Nova has a reason to hate the Renegades, and she is on a mission for vengeance. As she gets closer to her target, she meets Adrian, a Renegade boy who believes in justice—and in Nova. But Nova's allegiance is to a villain who has the power to end them both.
Disclaimer: I received a free copy of this book in exchange for an honest review. This has not changed my opinion in any way
At the beginning of this year, I read Heartless by Marissa Meyer – a book about the Queen of Hearts from Alice in Wonderland. I, unfortunately, didn’t love it. But there was a little light at the end of the tunnel because Marissa was writing another book. One about superheroes and villains, something that was more up my alley than AiW. I was lucky enough to snatch a copy off of NetGalley and started reading it almost immediately.
Renegades tells us two sides of the story. On one side, we have Nova – an Anarchist, hellbent on taking revenge on the Renegades for abandoning her family when they needed them the most. On the other side, there’s Adrian, a Renegade and the son of an original Council member. He’s determined to find out who killed his mother and how the villain called Nightmare is involved in all this.
I was a little bit scared that I wasn’t going to love this book. I mean I love superheroes and villains, Marvel is one of my favourite things of all time, what could possibly go wrong? Luckily, I realised soon enough that this book was going to be amazing. I found it difficult to put down and I actually stayed up hours after my bedtime to finish the last couple of chapters because they were so thrilling.
Marissa’s writing was just great, it really sucked me into the story and got me to love these characters from the start already. What helped, of course, were the amazing characters. I loved Nova almost immediately, and Adrian grew on me quickly as I was reading. I also really liked Adrian’s team members, Ruby and Oscar (and there was also another girl whose alias was Monarch, but she wasn’t in the book as much). As for the villains, while I thought they were cool, I didn’t really love them. Ingrid was a great villain and liked the mysterious Phobia, but other than that I guess they weren’t in the book enough for me to get to know them.
What I loved most of all was that the characters weren’t all black and white. Often with superhero movies it’s like ‘this guy is the bad guy, look at how bad he is’ and ‘this is the hero, look at how heroic he is’, I loved that this book was full of ‘grey’ characters. Also there was plenty of diversity, if that’s what you’re looking for in a book, but it’s not really ‘in your face’ diversity, if you get what I mean (it didn’t feel like it was written for the sake of having diversity but just because… I don’t know how to explain it? )

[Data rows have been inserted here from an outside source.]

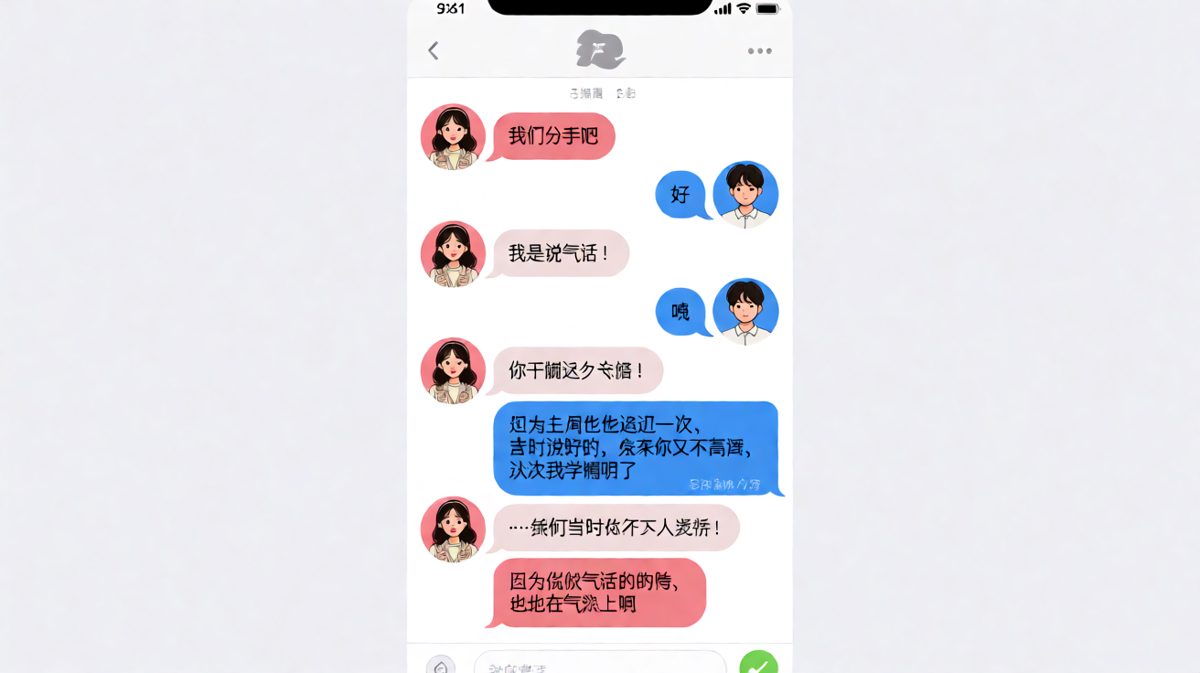 前任级智慧：气话也值得认真回应？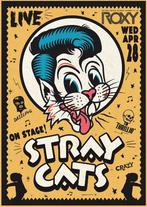 Posters - Poster Stray Cats - Stray Cats, Verzenden, Zo goed als nieuw
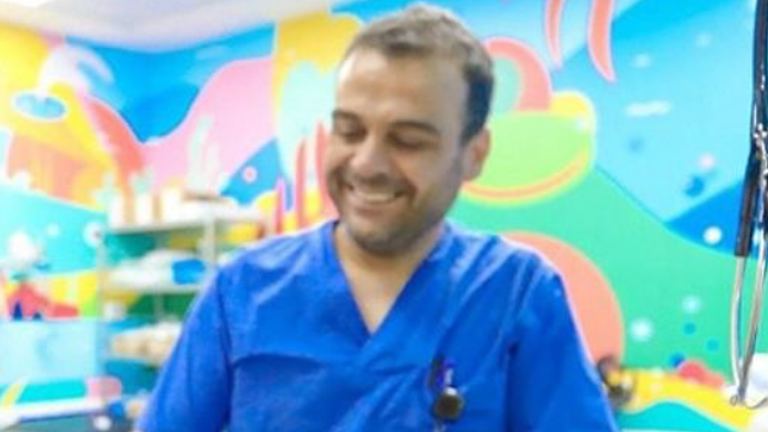 PCRF nurse Yahya Shehab, 42, was killed on Friday alongside his wife and five young children. Pic: PCRF
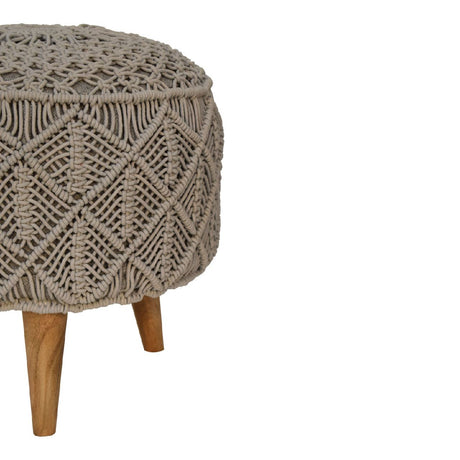 Crotchet Grey Footstool NOVEX FURNITURES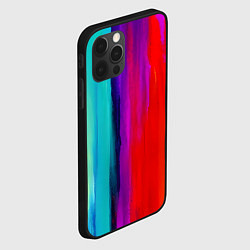 Чехол для iPhone 12 Pro Цвета радуги, цвет: 3D-черный — фото 2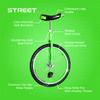 Unifly 20" Street Unicycle - [C] Frame, Tubular Oval Steel, Complete Set, Double Wide Aluminum Wheel (Orange) view 2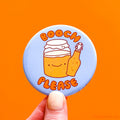 Kombucha Fridge Magnet or Pinback Button "Booch, Please!"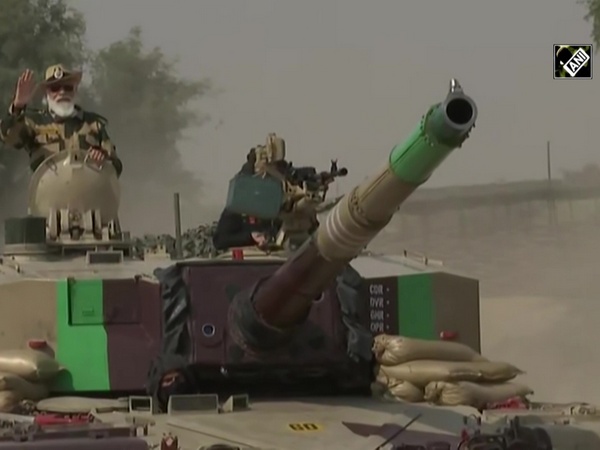 Watch: PM Modi takes ride on a tank in Longewala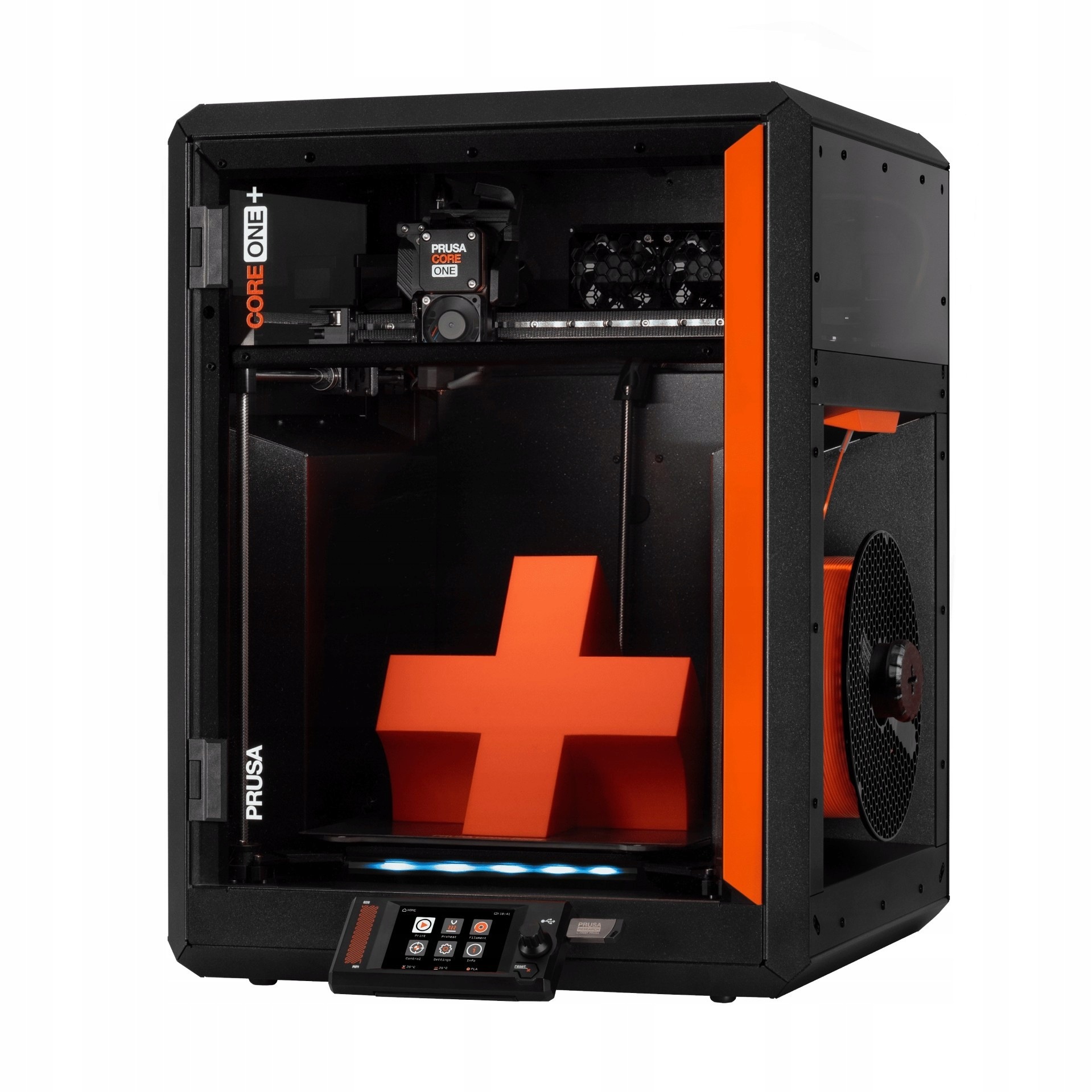 3D tiskárna Prusa Core One+ smontovaná s topnou komorou CoreXY 55°C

Personally, I thought this book reminded me a bit of the Mutants from Marvel. You have the Prodigies, the people with powers, and those without. Normal humans used to fear and hate the Prodigies. Now, they are seen as heroes, though there are still some people who hate/fear them. The main villain reminded me a lot of Magneto (he wanted people to leave the Prodigies alone, to let them live in peace), he even had a helmet! This was partly why I love this book so so much! View Spoiler »There was one little bit that I had predicted when I was maybe two/thirds through the book? I’m not sure if that’s because authors get more predictable or if I’m getting more perceptive, but I guessed the cliffhanger long before it was actually revealed. Still, that little bit didn’t keep me from enjoying this book front to back! « Hide Spoiler
In the end, I definitely loved Renegades so much, and I recommend it to people who love Marvel and DC. I also obviously recommend it if you loved Marissa Meyer’s Lunar Chronicles and Heartless. (Also if you were disappointed by Heartless, try this book. Really, try it). I’ve already ordered a physical copy for myself, which I don’t often do after I’ve read a digital copy, but I need this book in my hands. Now.